── Provided data ──
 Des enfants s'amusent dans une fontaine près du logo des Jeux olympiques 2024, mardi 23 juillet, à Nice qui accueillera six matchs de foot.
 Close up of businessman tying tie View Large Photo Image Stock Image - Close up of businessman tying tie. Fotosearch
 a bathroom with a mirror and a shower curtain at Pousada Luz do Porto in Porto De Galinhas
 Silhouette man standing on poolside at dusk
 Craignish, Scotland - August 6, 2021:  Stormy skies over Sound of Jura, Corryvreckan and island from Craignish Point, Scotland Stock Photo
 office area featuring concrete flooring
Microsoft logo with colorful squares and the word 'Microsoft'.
───
── Provided data ──
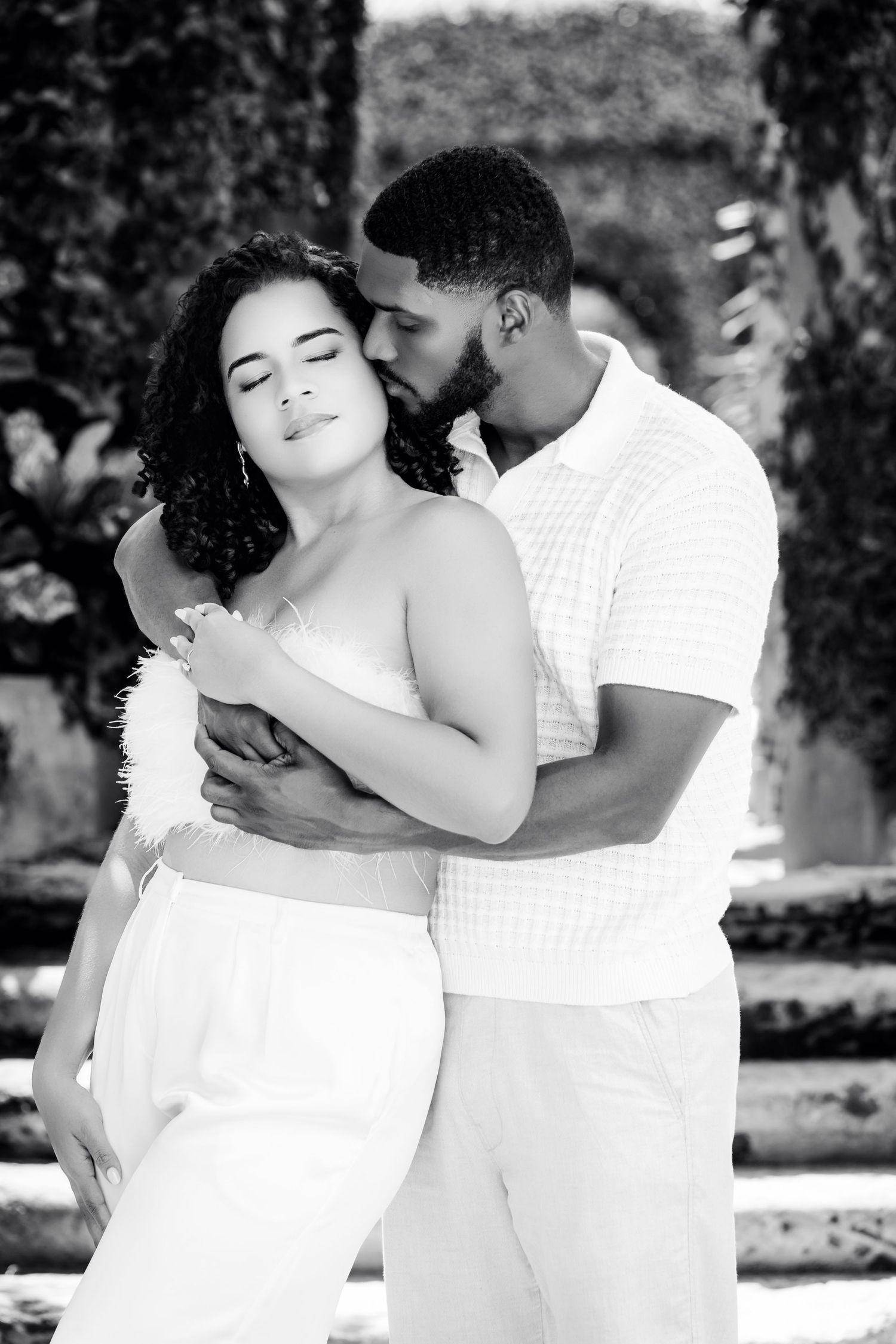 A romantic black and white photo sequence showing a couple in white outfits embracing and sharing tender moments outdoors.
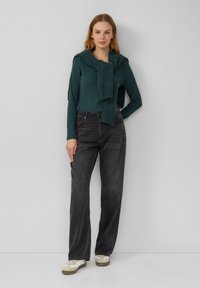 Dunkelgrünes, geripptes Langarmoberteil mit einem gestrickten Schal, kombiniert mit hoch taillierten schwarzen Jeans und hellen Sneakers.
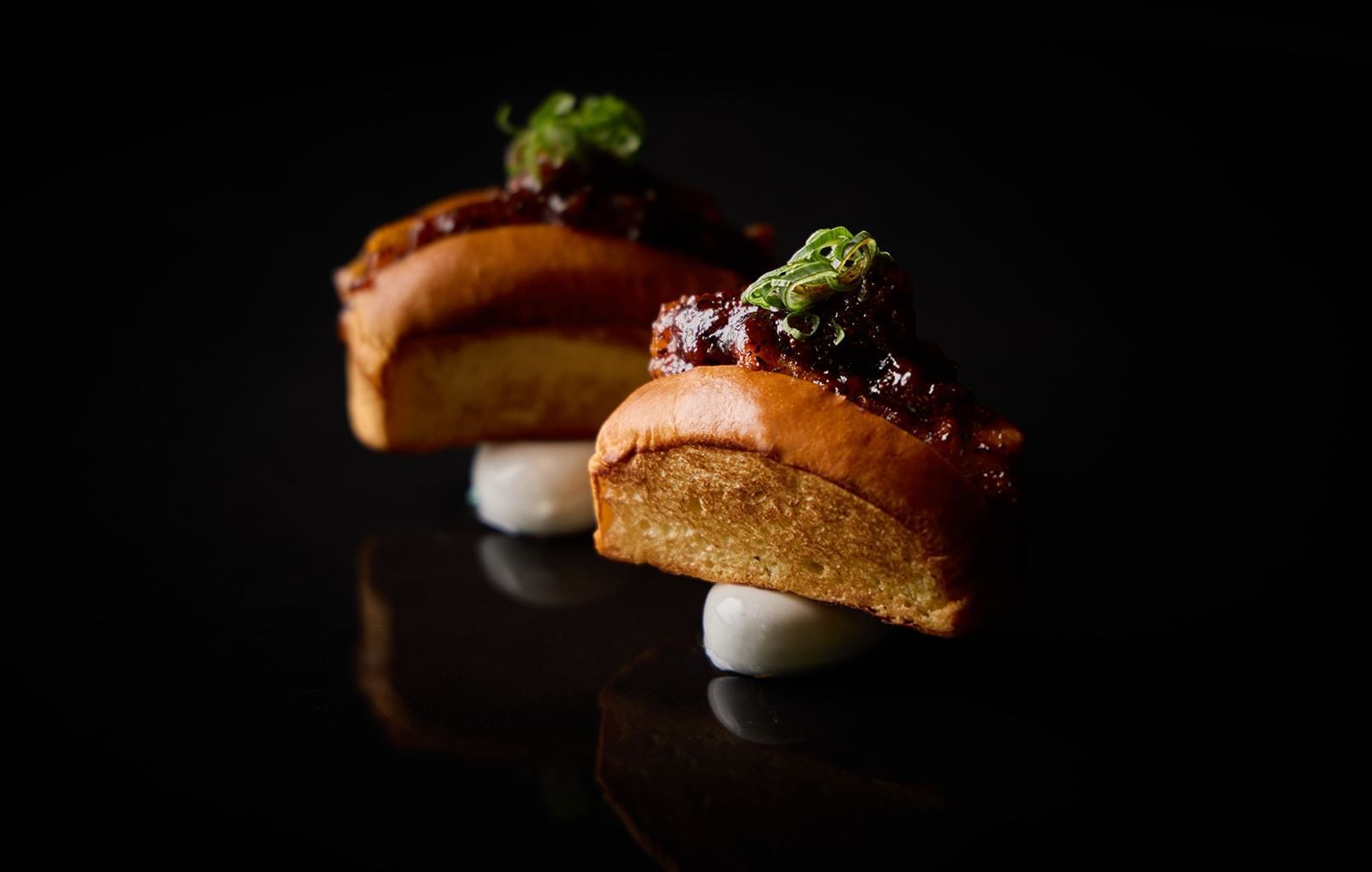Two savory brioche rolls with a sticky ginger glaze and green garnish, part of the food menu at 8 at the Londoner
───
── Provided data ──
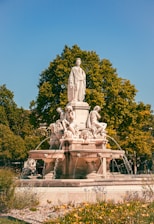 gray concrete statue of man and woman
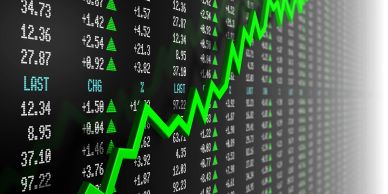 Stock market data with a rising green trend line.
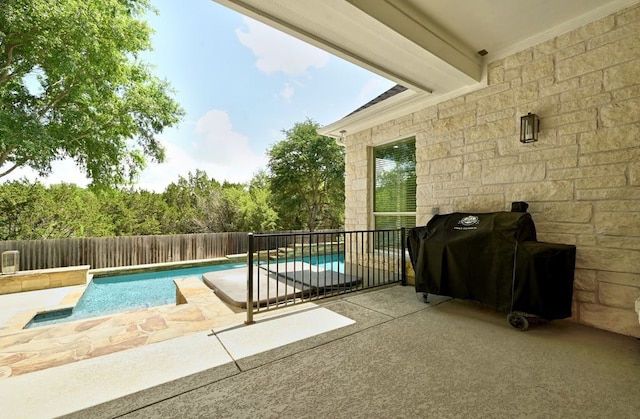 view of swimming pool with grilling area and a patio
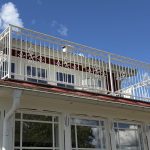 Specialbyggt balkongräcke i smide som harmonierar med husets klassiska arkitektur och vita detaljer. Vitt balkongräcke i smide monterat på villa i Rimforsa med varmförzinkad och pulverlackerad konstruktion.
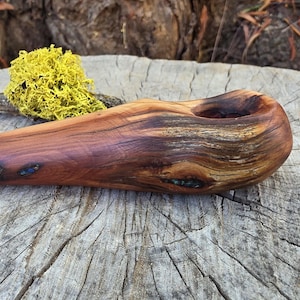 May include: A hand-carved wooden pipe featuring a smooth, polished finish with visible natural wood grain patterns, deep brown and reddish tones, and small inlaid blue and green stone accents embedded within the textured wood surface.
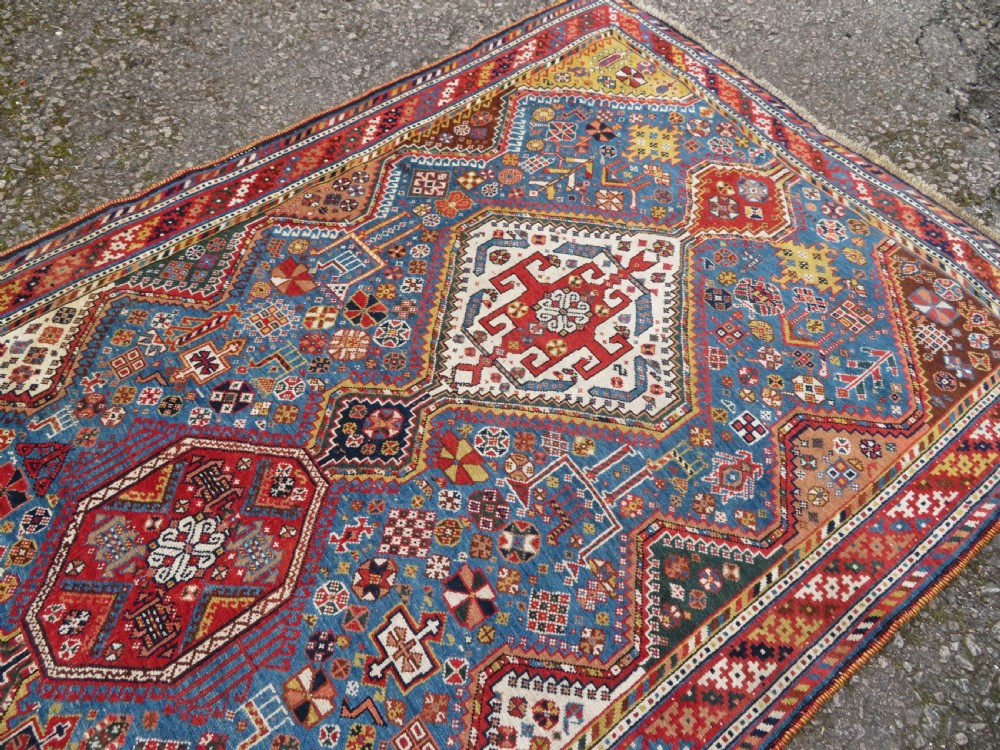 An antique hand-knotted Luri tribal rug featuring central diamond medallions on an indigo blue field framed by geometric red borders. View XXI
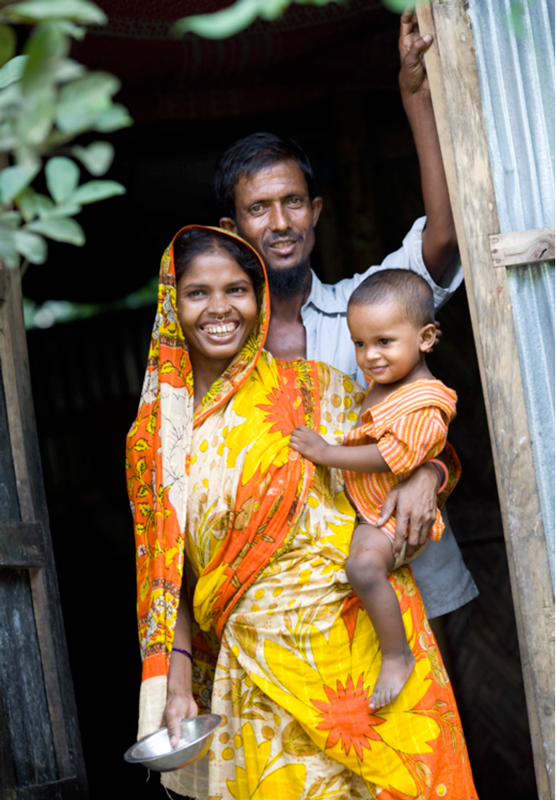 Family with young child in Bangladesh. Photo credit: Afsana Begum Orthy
───
What you are asked to do ▸
What you return must be the lines above that run from the line with "Des enfants s'amusent" to the line with "Microsoft logo with", inclusive, each copied exactly.

Your response ▸
 Des enfants s'amusent dans une fontaine près du logo des Jeux olympiques 2024, mardi 23 juillet, à Nice qui accueillera six matchs de foot.
 Close up of businessman tying tie View Large Photo Image Stock Image - Close up of businessman tying tie. Fotosearch
 a bathroom with a mirror and a shower curtain at Pousada Luz do Porto in Porto De Galinhas
 Silhouette man standing on poolside at dusk
 Craignish, Scotland - August 6, 2021:  Stormy skies over Sound of Jura, Corryvreckan and island from Craignish Point, Scotland Stock Photo
 office area featuring concrete flooring
Microsoft logo with colorful squares and the word 'Microsoft'.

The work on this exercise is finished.